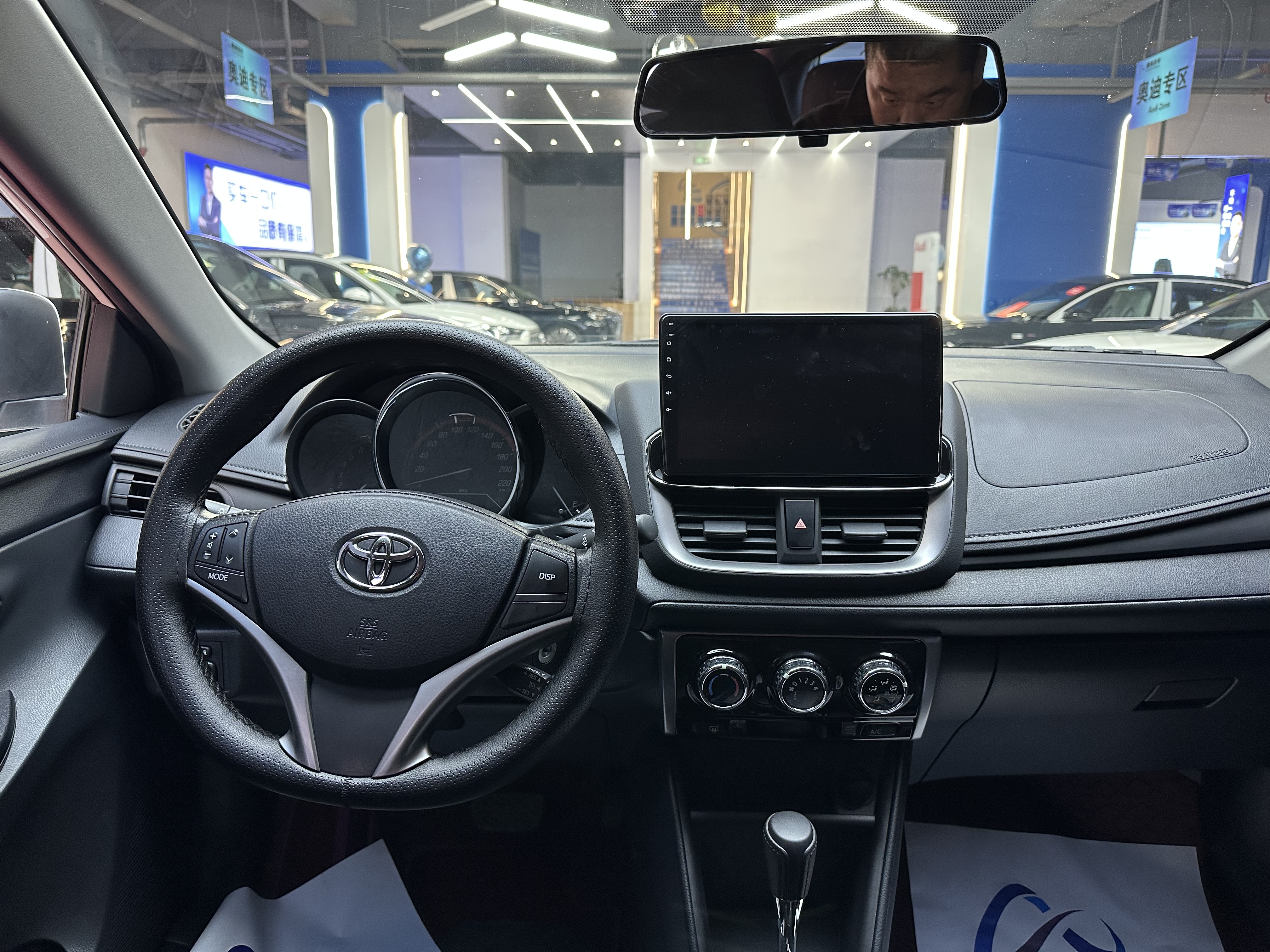 Yaris L Zhixuan 2022 car image #15
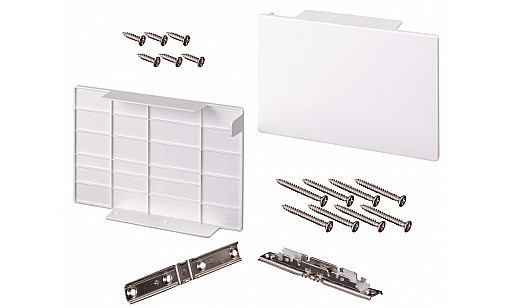 Механизм подъемный Single Light Белый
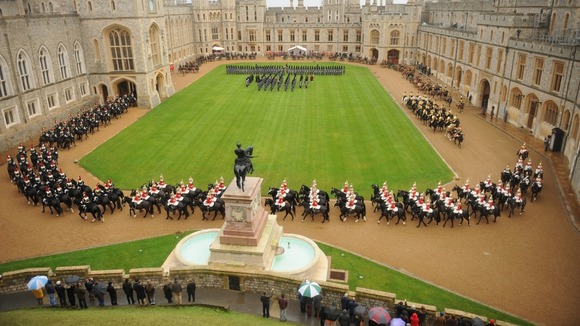 queen, windsor, kuwait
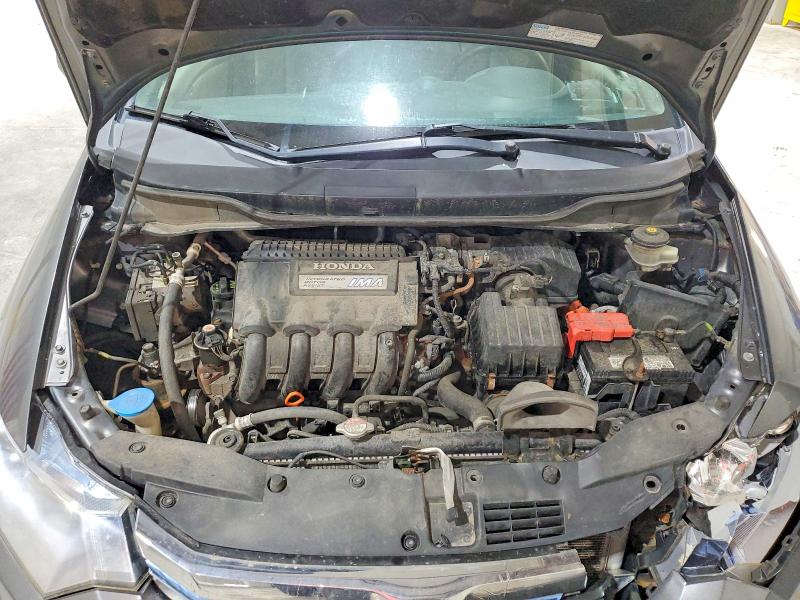 Aukcja sprzedaży 2013 Honda Insight, vin: JHMZE2H32DS005776, numer aukcji: 57200346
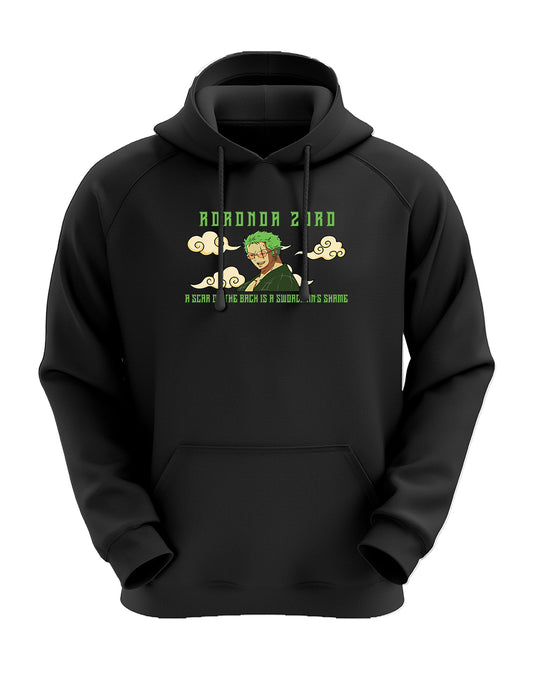 Roronoa Zoro Hoodie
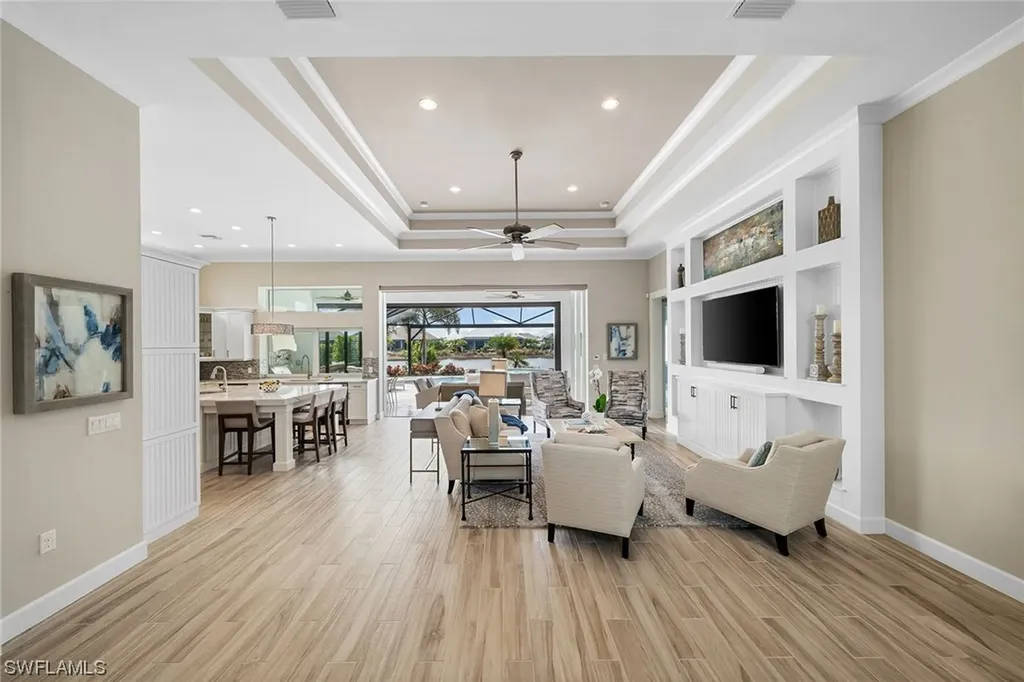 6002 Barthelemy Avenue Naples FL 34113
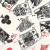 картинка Карты "Theory11 Harry Potter Deck - Green (Slytherin)" от магазина Gamesdealer.ru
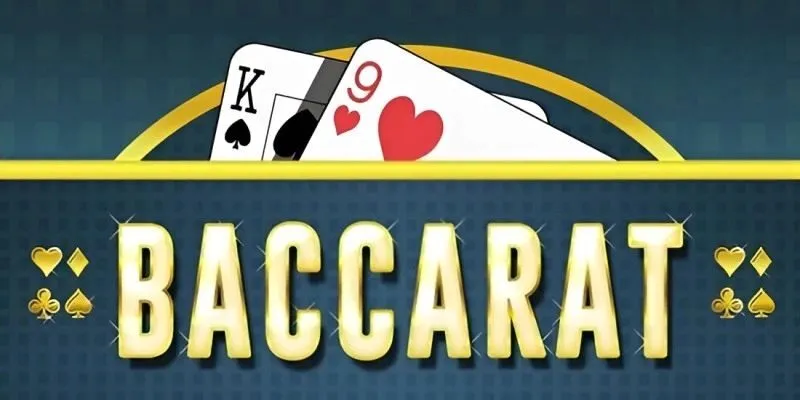 Baccarat – Hướng Dẫn Chơi Game Bài Online Thắng Lớn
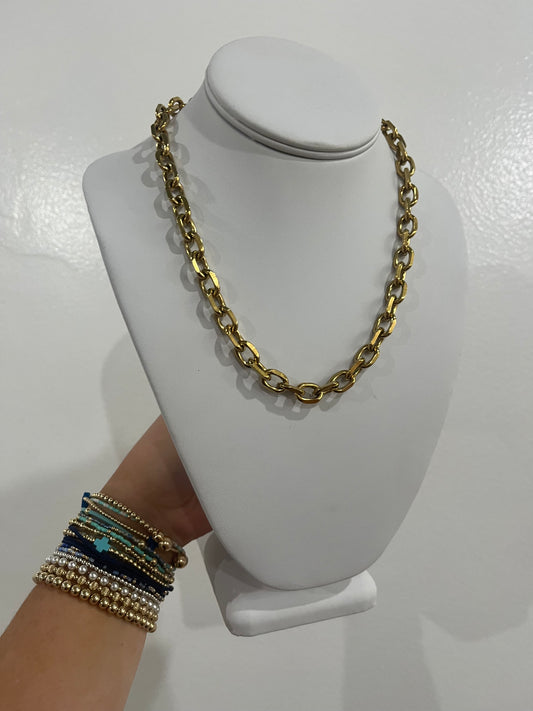 ann chain!
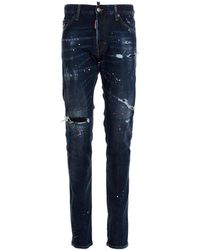 DSquared² - Cool Guy Jean Jeans - Lyst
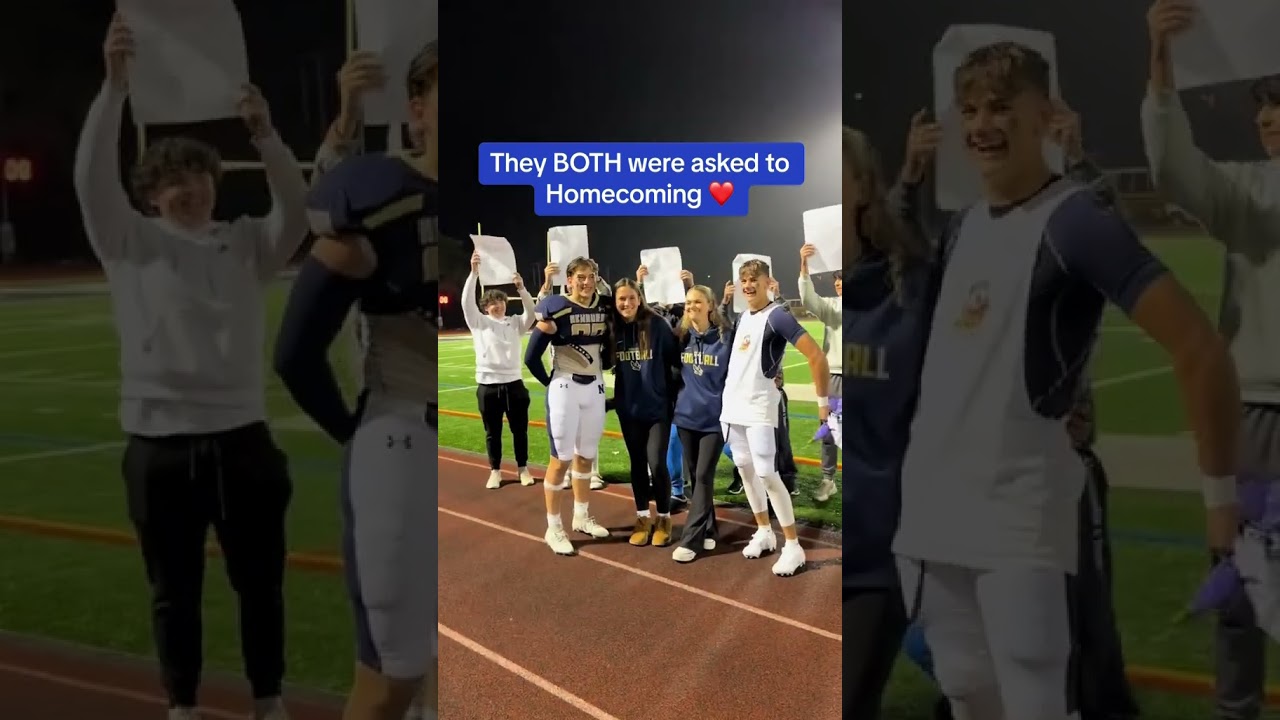 Download the Promposal Show series from Mediafire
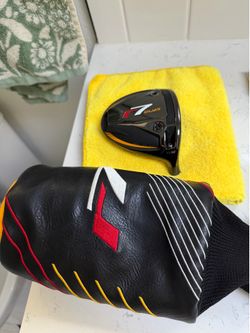 Taylormade R7 Mini Driver - 11.5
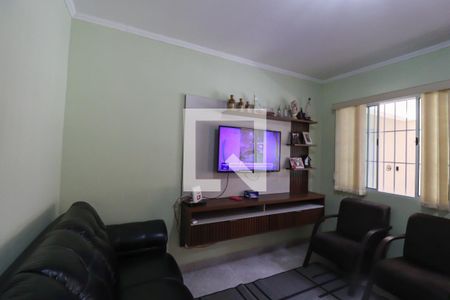 Sala de casa à venda com 5 quartos, 380m² em Vila Didi, Várzea Paulista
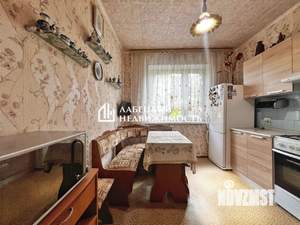2-к квартира, вторичка, 47м2, 4/9 этаж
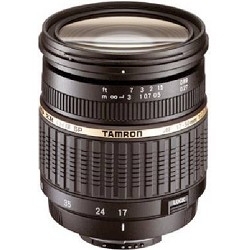 17-50 F2.8 XRDI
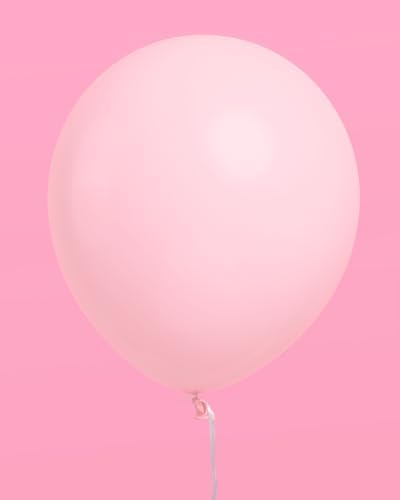 Xo Fetti Red Pink Cherry Balloons 24 pk 12
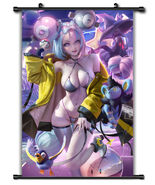 Various sizes Hot Anime Poster Iono Home Decor Wall Scroll Painting - $15.83 - $18.80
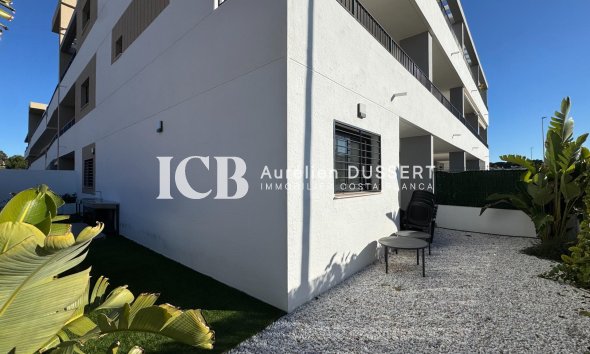 Reventa - Apartamento / piso -
Pilar de la Horadada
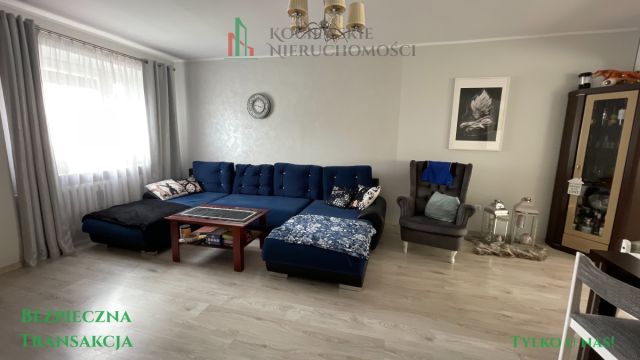 bliźniak, 5 pokoi Starogard Gdański, ul. Marii Konopnickiej. Zdjęcie 2
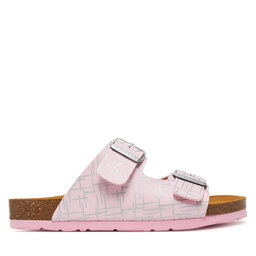 Dr. Brinkmann Natikače Dr. Brinkmann 700703-42 Ružičasta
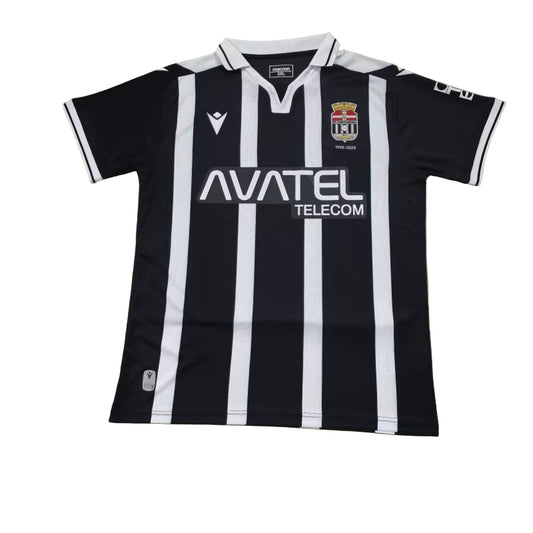 Primera equipación FC Cartagena 25/26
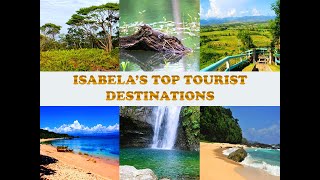 ISABELAS BEST TOURIST SPOTS [upl. by Moya]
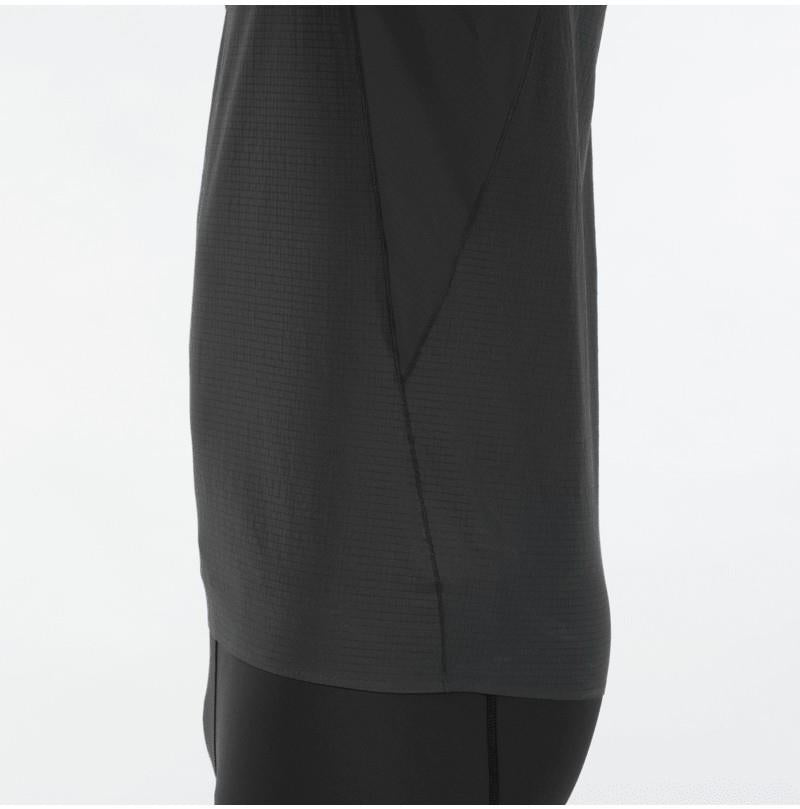 S/Lab SS Tee - Mens - deep black 1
== == ==
*Assignment*
Begin at the line containing "2-к квартира, вторичка, 47м2, 4/9 этаж" and copy every line through the end of the data above exactly, omitting the pictures.

*Task solution*
2-к квартира, вторичка, 47м2, 4/9 этаж
 17-50 F2.8 XRDI
 Xo Fetti Red Pink Cherry Balloons 24 pk 12
 Various sizes Hot Anime Poster Iono Home Decor Wall Scroll Painting - $15.83 - $18.80
 Reventa - Apartamento / piso -
Pilar de la Horadada
 bliźniak, 5 pokoi Starogard Gdański, ul. Marii Konopnickiej. Zdjęcie 2
 Dr. Brinkmann Natikače Dr. Brinkmann 700703-42 Ružičasta
 Primera equipación FC Cartagena 25/26
 ISABELAS BEST TOURIST SPOTS [upl. by Moya]
 S/Lab SS Tee - Mens - deep black 1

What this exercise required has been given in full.